Fixed-Budget Constrained Best Arm Identification in Grouped Bandits

Imagine you are a talent scout trying to find the single best band to headline a massive music festival. You have a limited amount of time and money (a "fixed budget") to audition hundreds of bands.

However, there's a twist: You can't just pick the band that sounds the loudest.

The Problem: The "All-or-Nothing" Rule

In this paper, the authors describe a scenario where every "band" (or Arm) isn't just one musician; it's a group of musicians (attributes) playing different instruments.

The Band: A car wash service that offers five different things: washing, waxing, tire shine, interior cleaning, and engine detailing.
The Rule: To be considered for the festival, the band must be good at everything. If the engine detailing is terrible, the whole band is disqualified, even if the waxing is world-class.
The Goal: Find the band that is good at everything AND has the best overall average performance.

This is tricky because you have to balance two competing fears:

The "Risky" Trap: Picking a band that sounds amazing overall but fails one specific instrument (e.g., great waxing, terrible tires).
The "Missed Opportunity" Trap: Ignoring a band that is actually perfect, just because one of its instruments sounded slightly off during a quick test.

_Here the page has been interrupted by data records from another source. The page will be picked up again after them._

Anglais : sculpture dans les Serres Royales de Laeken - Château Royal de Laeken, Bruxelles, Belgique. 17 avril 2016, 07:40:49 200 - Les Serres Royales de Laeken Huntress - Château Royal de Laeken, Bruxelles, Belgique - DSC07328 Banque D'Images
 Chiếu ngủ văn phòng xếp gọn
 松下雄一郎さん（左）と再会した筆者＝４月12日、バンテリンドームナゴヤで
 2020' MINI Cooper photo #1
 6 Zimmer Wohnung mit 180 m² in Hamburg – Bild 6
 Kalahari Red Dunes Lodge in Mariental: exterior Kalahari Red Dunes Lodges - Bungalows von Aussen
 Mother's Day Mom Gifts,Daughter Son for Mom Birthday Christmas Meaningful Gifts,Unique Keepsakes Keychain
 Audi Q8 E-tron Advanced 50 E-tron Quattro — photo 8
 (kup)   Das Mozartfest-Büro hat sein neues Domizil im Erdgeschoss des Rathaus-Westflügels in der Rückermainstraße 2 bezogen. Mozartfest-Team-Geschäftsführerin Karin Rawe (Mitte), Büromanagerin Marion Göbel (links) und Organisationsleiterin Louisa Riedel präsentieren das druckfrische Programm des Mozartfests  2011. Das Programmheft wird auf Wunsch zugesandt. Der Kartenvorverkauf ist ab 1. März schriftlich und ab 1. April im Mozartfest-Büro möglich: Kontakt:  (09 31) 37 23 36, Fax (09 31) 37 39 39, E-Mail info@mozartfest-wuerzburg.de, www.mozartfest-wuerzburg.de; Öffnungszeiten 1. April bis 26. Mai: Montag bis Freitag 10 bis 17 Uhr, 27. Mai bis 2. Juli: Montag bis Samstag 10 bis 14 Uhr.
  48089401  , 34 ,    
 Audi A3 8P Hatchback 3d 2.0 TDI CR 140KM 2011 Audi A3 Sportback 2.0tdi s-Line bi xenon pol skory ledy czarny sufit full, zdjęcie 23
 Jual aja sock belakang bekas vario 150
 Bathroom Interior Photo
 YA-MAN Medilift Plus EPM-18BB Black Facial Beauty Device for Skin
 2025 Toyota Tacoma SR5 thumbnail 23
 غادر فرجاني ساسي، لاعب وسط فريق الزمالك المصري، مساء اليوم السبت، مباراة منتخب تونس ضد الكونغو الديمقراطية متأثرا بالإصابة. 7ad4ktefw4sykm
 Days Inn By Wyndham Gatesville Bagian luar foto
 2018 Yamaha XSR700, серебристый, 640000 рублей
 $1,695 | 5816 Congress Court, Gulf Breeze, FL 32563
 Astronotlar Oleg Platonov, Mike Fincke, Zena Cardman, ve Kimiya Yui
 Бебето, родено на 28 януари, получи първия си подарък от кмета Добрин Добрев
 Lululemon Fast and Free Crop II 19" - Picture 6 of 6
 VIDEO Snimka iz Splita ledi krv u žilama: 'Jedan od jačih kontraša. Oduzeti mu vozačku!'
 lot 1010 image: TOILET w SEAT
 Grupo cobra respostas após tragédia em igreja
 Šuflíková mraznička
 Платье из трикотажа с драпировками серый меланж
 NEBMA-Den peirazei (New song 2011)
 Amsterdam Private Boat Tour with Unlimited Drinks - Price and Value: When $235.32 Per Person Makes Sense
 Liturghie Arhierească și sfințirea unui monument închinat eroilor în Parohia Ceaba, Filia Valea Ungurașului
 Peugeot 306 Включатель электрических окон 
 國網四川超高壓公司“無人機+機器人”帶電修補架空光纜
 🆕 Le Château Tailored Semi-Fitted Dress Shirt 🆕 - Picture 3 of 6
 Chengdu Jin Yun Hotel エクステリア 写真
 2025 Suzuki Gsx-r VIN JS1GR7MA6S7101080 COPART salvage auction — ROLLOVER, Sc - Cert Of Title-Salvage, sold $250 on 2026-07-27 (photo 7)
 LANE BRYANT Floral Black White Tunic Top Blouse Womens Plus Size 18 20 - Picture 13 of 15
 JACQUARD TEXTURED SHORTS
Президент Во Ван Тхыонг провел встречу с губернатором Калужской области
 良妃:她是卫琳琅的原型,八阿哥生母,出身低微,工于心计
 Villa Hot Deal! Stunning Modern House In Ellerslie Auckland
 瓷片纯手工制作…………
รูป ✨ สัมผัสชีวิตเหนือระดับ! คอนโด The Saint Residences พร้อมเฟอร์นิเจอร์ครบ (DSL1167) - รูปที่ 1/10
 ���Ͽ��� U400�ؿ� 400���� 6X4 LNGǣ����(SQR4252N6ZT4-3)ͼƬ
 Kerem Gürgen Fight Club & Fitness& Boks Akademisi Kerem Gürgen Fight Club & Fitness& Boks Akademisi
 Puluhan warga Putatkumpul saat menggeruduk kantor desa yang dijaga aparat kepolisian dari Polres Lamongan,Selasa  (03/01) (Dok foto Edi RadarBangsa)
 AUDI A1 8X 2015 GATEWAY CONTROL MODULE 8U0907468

The Solution: FCSR (The Smart Scout)

The authors propose a new algorithm called FCSR (Feasibility Constrained Successive Rejects). Think of it as a three-phase audition process designed to be both efficient and safe.

Phase 1: The "Quick Scan" (Uniform Sampling)

The scout gives every remaining band a quick, equal chance to play a little bit of every instrument. This is like a "sound check." It helps eliminate the bands that are clearly terrible at everything.

Phase 2: The "Stress Test" (APT Sampling)

Now, the scout focuses on the bands that are still in the running. But here's the trick: If a band's "tire shine" sounds a little shaky (close to the failure line), the scout spends extra time listening only to the tires to see if they are actually bad or just having a bad day.

Analogy: Imagine a judge tasting a soup. If the saltiness is borderline, they don't taste the pepper or the carrots; they keep tasting the salt until they are 100% sure if it's too salty or not.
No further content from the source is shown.